> _Task item_
With pictures left out, output exactly the lines of the listing below from the line that has "image-komik-soul-land-ii-chapter-198-23/38" to the line that has "Apartament 3 camere, etajul", both lines kept.
**** Data for the task ****
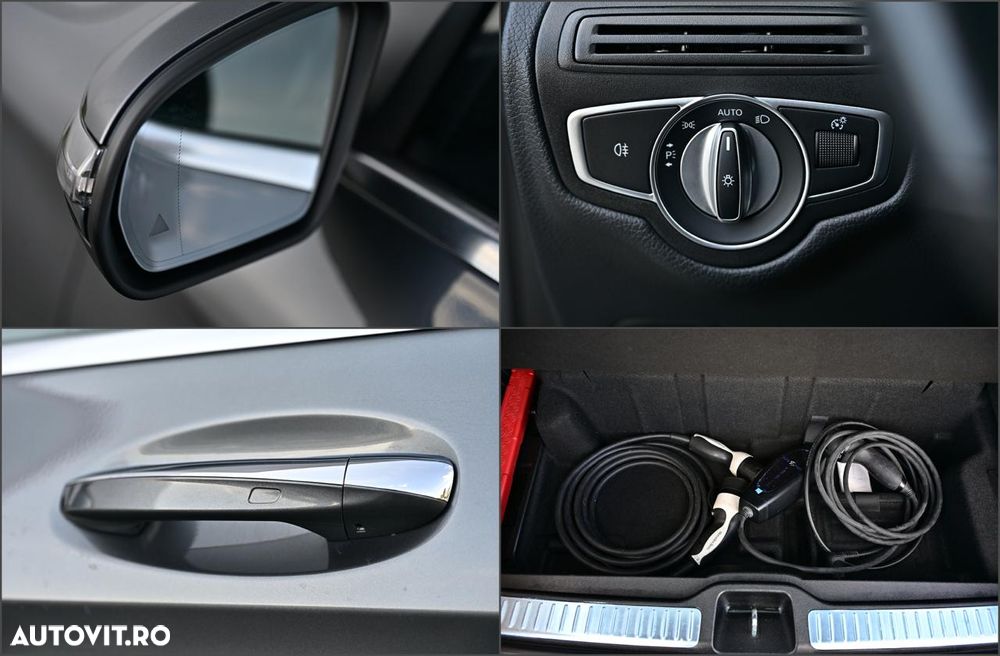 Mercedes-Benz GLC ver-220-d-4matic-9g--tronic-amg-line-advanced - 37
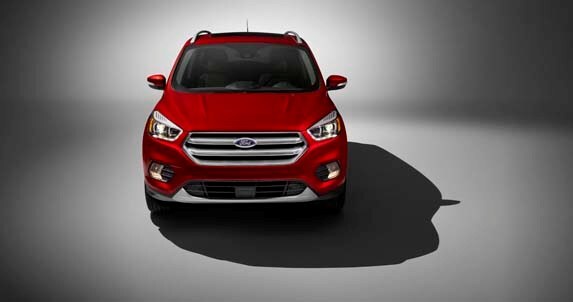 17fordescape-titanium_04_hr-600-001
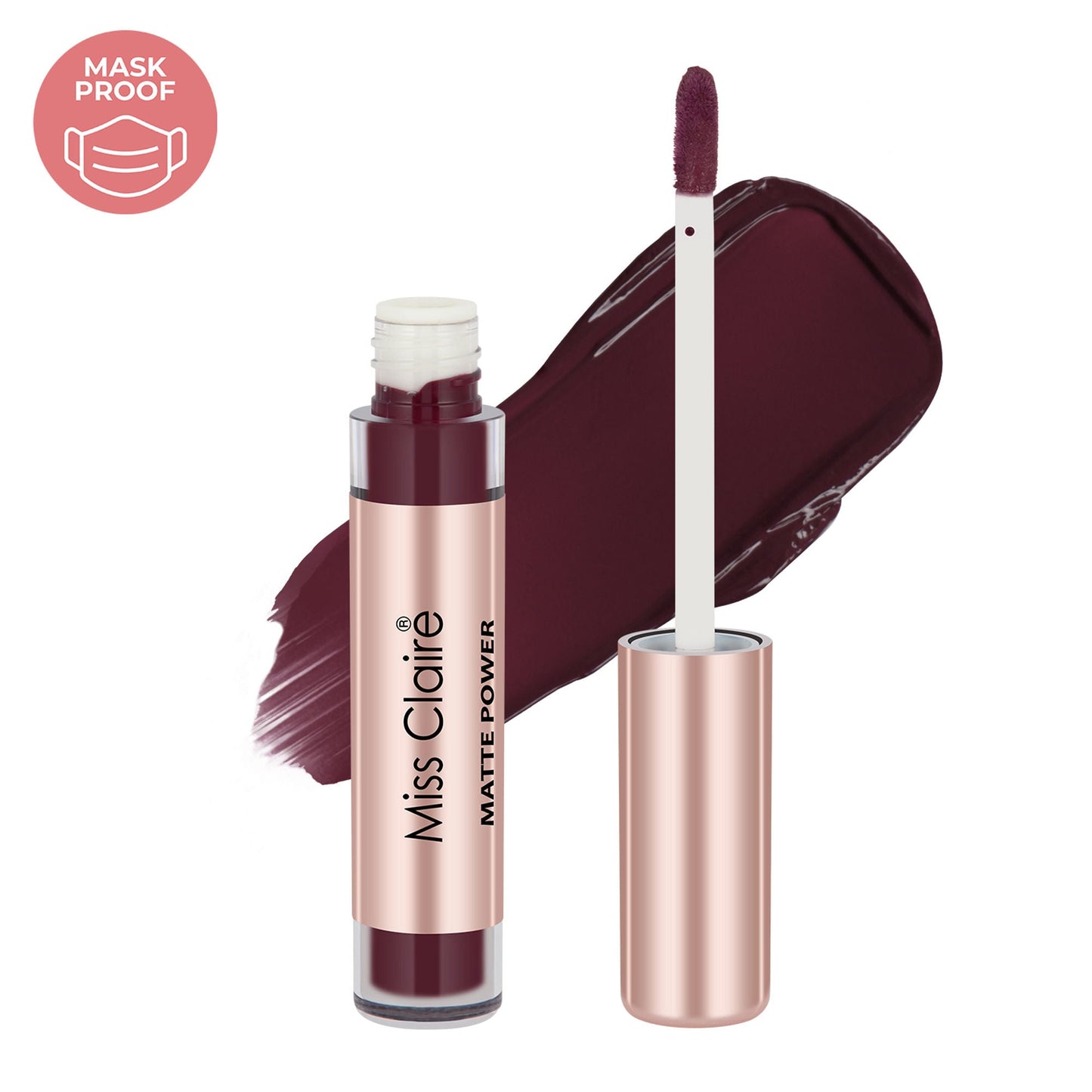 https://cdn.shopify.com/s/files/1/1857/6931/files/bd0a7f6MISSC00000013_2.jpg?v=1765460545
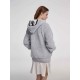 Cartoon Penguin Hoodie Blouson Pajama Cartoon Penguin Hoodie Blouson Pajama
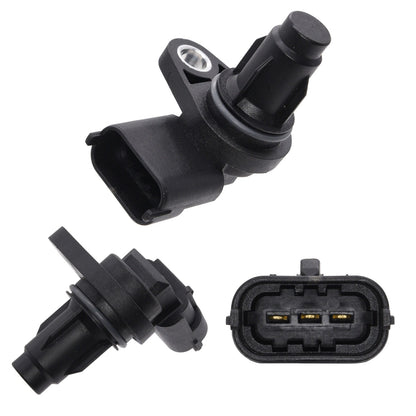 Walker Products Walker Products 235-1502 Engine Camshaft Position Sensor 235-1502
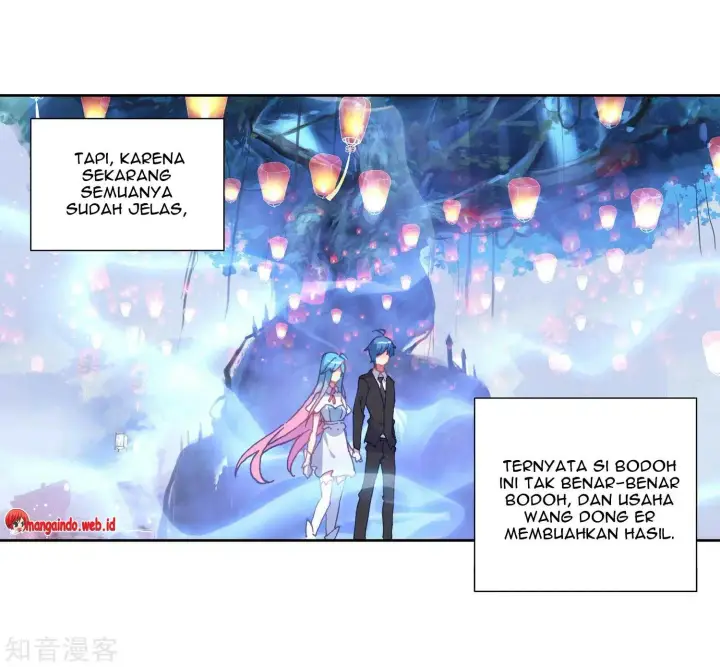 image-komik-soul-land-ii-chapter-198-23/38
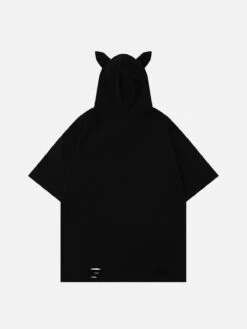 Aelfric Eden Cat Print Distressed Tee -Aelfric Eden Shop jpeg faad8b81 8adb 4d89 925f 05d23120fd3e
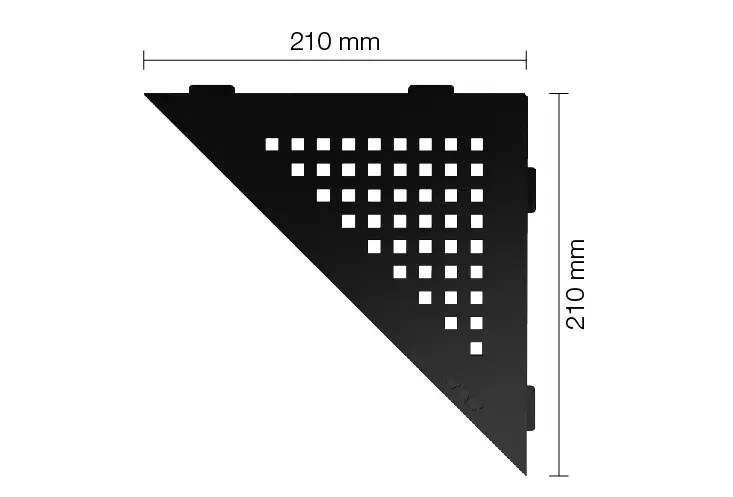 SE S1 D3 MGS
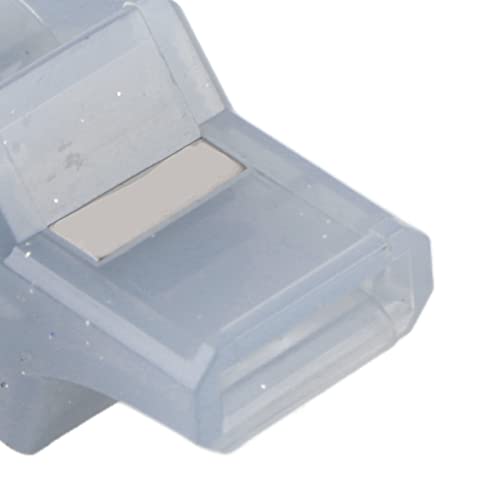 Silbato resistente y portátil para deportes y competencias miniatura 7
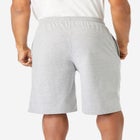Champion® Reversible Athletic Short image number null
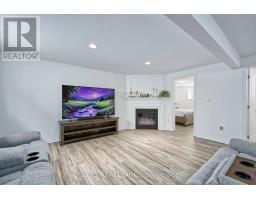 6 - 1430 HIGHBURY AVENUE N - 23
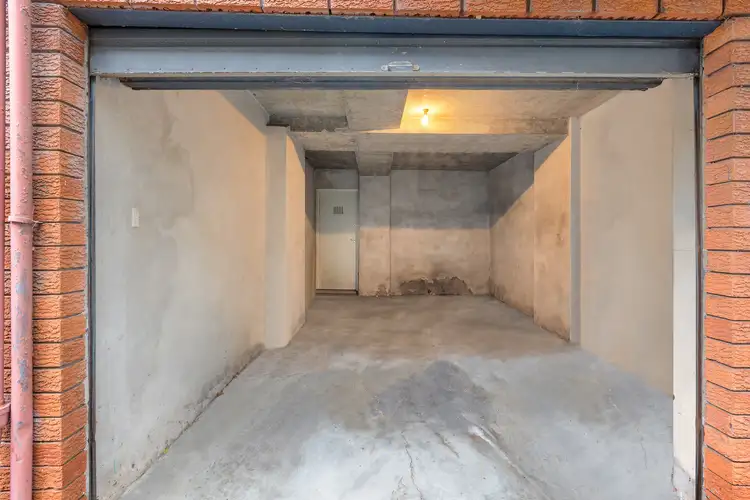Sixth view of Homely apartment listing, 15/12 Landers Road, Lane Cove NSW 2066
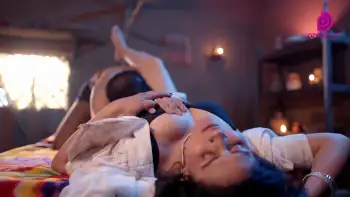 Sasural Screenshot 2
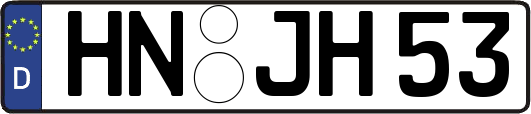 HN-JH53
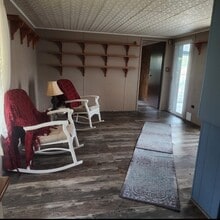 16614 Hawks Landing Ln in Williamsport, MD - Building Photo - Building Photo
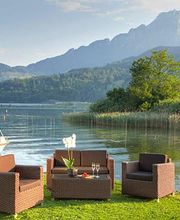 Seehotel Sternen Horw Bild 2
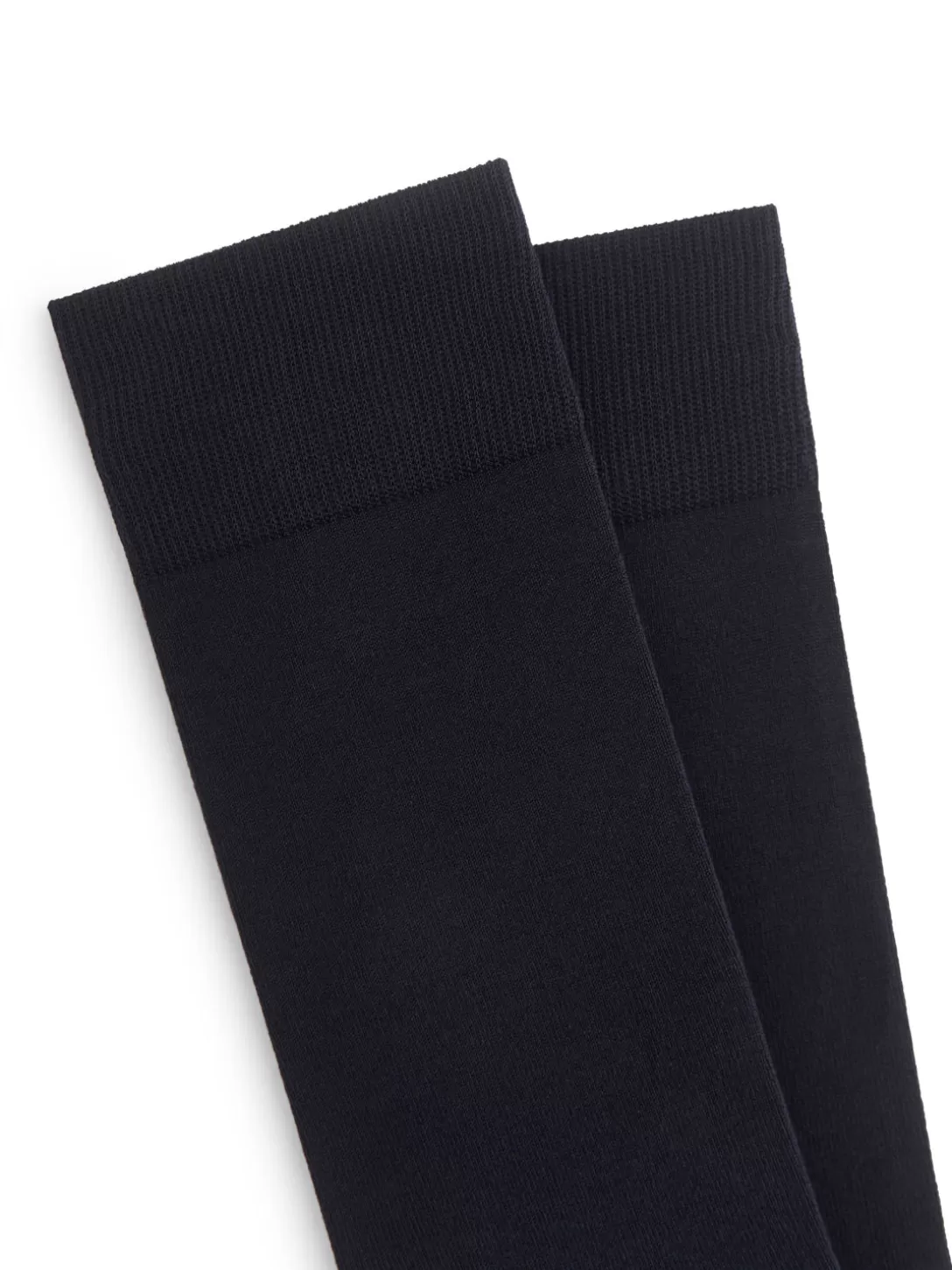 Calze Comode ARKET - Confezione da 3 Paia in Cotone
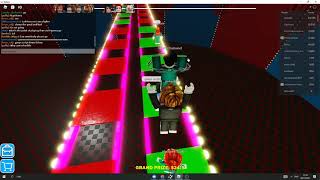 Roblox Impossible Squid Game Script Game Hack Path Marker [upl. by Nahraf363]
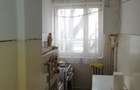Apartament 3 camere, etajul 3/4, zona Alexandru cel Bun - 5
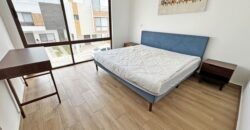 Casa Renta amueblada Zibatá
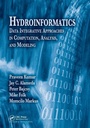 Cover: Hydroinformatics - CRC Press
****
> _Exercise output_
 image-komik-soul-land-ii-chapter-198-23/38
 Aelfric Eden Cat Print Distressed Tee -Aelfric Eden Shop jpeg faad8b81 8adb 4d89 925f 05d23120fd3e
 SE S1 D3 MGS
 Silbato resistente y portátil para deportes y competencias miniatura 7
Champion® Reversible Athletic Short image number null
 6 - 1430 HIGHBURY AVENUE N - 23
Sixth view of Homely apartment listing, 15/12 Landers Road, Lane Cove NSW 2066
 Sasural Screenshot 2
 HN-JH53
 16614 Hawks Landing Ln in Williamsport, MD - Building Photo - Building Photo
 Seehotel Sternen Horw Bild 2
 Calze Comode ARKET - Confezione da 3 Paia in Cotone
 Roblox Impossible Squid Game Script Game Hack Path Marker [upl. by Nahraf363]
Apartament 3 camere, etajul 3/4, zona Alexandru cel Bun - 5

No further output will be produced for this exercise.